** Opening Recorded information block **
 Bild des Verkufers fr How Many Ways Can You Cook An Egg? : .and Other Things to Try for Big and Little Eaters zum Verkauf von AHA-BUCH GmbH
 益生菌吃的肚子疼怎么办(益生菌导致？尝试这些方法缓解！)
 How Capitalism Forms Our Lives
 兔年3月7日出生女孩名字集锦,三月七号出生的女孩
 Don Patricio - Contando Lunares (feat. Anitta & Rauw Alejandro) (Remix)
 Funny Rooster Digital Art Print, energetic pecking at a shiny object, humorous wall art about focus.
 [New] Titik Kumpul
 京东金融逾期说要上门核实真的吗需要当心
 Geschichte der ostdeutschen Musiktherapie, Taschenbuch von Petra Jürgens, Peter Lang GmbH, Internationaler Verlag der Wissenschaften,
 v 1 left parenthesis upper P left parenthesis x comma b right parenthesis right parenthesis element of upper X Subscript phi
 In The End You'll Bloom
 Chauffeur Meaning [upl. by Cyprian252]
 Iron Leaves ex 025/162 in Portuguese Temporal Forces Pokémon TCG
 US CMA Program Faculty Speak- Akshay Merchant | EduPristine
** Closing Recorded information block **
- Problem to solve
Write out, word for word, the lines from the one containing "v 1 left parenthesis" through the end of the records, with no other lines.

- Solution for this exercise
 v 1 left parenthesis upper P left parenthesis x comma b right parenthesis right parenthesis element of upper X Subscript phi
 In The End You'll Bloom
 Chauffeur Meaning [upl. by Cyprian252]
 Iron Leaves ex 025/162 in Portuguese Temporal Forces Pokémon TCG
 US CMA Program Faculty Speak- Akshay Merchant | EduPristine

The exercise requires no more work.